Pressure ulcers develop when skin and underlying tissue are subjected to ongoing pressure, friction, or shearing—often over bony areas such as the hips, tailbone, heels, or shoulder blades. In practice, these injuries are frequently linked to preventable problems like inconsistent repositioning, delayed wound checks, inadequate assistance with hygiene, or failure to update care plans when risk levels change.
Oklahoma families sometimes first notice warning signs during an afternoon visit, when they see redness that wasn’t there before, a new open sore, or a change in how their loved one reacts to touch. Other times, the family learns about the injury only after it is documented as “worsening,” “non-healing,” or “complicated.” Either way, the timeline matters, because it can show whether facility staff recognized risk and responded appropriately.

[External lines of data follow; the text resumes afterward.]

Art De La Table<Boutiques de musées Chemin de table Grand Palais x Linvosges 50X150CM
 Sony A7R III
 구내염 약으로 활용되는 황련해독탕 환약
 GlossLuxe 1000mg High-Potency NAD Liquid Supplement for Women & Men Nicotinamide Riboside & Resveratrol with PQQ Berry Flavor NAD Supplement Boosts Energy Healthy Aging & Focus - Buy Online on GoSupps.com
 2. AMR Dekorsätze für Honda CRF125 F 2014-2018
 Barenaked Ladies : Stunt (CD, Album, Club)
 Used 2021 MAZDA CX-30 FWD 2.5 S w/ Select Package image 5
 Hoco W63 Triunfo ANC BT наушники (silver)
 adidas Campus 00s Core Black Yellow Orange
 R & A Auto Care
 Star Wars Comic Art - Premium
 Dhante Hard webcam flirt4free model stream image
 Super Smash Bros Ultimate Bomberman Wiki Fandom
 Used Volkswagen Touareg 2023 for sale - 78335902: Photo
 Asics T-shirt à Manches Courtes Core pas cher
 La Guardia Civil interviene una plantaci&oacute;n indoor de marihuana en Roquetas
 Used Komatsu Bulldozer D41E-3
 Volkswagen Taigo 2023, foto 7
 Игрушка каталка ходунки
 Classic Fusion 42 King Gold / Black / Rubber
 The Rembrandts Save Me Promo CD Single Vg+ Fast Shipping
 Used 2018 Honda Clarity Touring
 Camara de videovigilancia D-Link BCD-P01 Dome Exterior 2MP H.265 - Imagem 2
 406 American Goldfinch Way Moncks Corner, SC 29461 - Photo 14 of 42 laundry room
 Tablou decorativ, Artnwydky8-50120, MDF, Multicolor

Not all pressure ulcers are the same. Some residents are at higher risk due to limited mobility, impaired sensation, diabetes, circulation issues, dehydration, or cognitive conditions that make it harder to communicate discomfort. Even when medical risk factors exist, facilities are still expected to use reasonable prevention measures and monitor closely for early skin changes.
In Oklahoma, the reality of care can vary based on facility staffing models, the availability of wound specialists, and how quickly documentation and treatment decisions are made when concerns are raised. Those differences can affect whether a pressure ulcer progresses from early redness to deeper tissue injury that requires prolonged wound care.